Когда зрители забывают, что они находятся в театре, когда они забывают, что это только представление, когда им становится очевидным, что это сама жизнь, о, тогда!., смотрите, как ведут себя зрители такого театра, согласно описанию одной газеты: «Зрители перестают кашлять, сморкаться, разговаривать, эта ин­тимность не нарушается внешними поводами, посторонними вме­шательствами» («Русские ведомости»). «Все пришли и отдыха­ли». Ну, еще бы.
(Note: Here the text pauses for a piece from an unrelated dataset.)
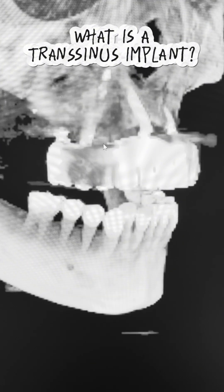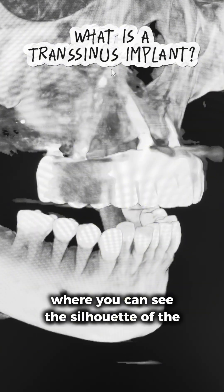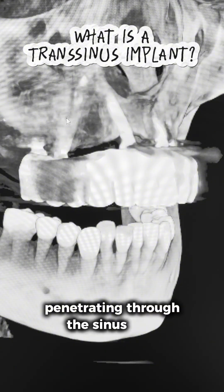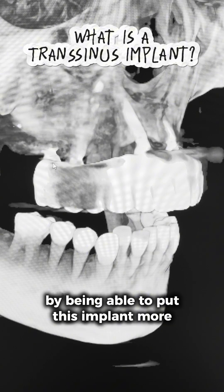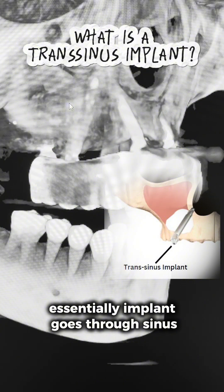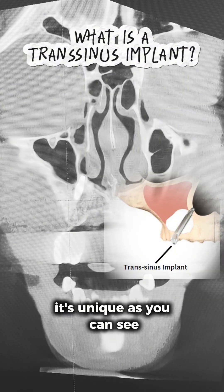This does not create a predictable solution. This is a case where I did a wired-back view where you can see the silhouette of the sinus floor. You can see this implant penetrating through the sinus floor and then entering the nasal cortex, really maximizing anterior-posterior spread by being able to place this implant more posteriorly to the second premolar site. Essentially the implant goes through the sinus — therefore we call it a trans-sinus implant.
Такой предоставлен комфорт: к замочной сква­жине подставлено мягкое кресло, «зал погружен в черную темно­ту», и можно, не краснея, глазеть, как кто-то одевается. А когда «нельзя распознать, что такое белеет, женщина или подушка», тогда Бенуа говорит: «я не много знаю примеров такого полного слияния реалистического и фантастического, как здесь».

* * *

Евг. Адамов в письмах своих из Москвы («День», 7 марта 1915), сравнивая постановку «Сверчка на печи» в Студии Художе­ственного театра и «Каждого Человека» у Ф. Ф. Комиссаржевского[182], заявляет: «Постановка «Каждого Человека» гораздо «ин­тереснее», что и говорить. И публика понимает это, и критик не может не признать. Однако того чистосердечного волнения, того энтузиазма, какой я видел в «Студии», в театре Крмиссаржевского нет и следа»... Не было, видите ли, «того, что нужно публике». И автор письма, торопясь вместе с публикой к замочной скважи­не, пытается так утешить покинутого публикой директора театра с искусством: «Будем справедливы к служению будущему. Если в настоящем это только частный успех, только подготовительная «орнаментальная» (?) работа, если в ней нет законченного цело­го, то не только для самоотверженно идущих новыми путями, но и для театра это залог дальнейшего успеха». Мы не видели «Каждого Человека», но предпочтем театр с искусством, но без публики, театру с публикой, но без искусства, ибо мы знаем, что после того, как «все обступили дверь и продрались взглянуть», явился Кочкарев с вестью: «чш... кто-то идет»,— и все «отскочи­ли прочь». Всякому бесстыдству бывает конец.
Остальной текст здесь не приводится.